A peptide is any of a class of organic molecules that are composed of (and hydrolyze into) amino acids and form the basic building blocks of proteins.
These molecules link to each other by forming a bond (an amide linkage) between the amino group of one peptide to the carboxyl group of another. Peptide bonds create double-bonds between the oxygen of the carboxyl group and the carbon of the amino group; as a result, they are unusually stiff and do not let the molecules turn on the bond axis as other molecular bonds do.
The bonds between peptides can be broken by enzymes known as peptidases.
Peptides are classed according to how many amino acids they are composed of. A dipeptide contains two amino acids, a tripeptide contains three amino acids, and so on.
Biochemists study the structure of peptides to help solve a wide range of problems in cell biology. Peptides can act as systemic regulators and as substances for signalling between cells. For instance, peptides called enkephalins are natural opiates created by the brain. The peptides oxytocin and vasopressin, which are both produced by the pituitary gland, act as hormones.
In many metabolic disorders, the body may inadvertently produce toxic peptides that it cannot break down which build up in the system and damage organs. Thus, being able to detect and identify these poisonous peptides is crucial in diagnosing and treating these disorders.

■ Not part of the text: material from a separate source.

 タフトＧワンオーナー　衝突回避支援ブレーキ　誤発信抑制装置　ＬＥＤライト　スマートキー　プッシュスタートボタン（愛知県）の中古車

Peptides can also be an important cell biology research tool; several types of marker peptides can be created by linking a small peptide to a dye molecule. These markers can be used to track other molecules, cells and physiological processes.
Other peptides are studied because they have or may have value in treating diseases such as cancer, AIDS, and other viral and bacterial diseases. The antibiotics cyclosporin, valinomycin, and gramicidin are all cyclic peptides. A peptide chain named humanin has shown some promise in treating Alzheimer's disease by blocking the processes that cause brain cell degeneration in the disease.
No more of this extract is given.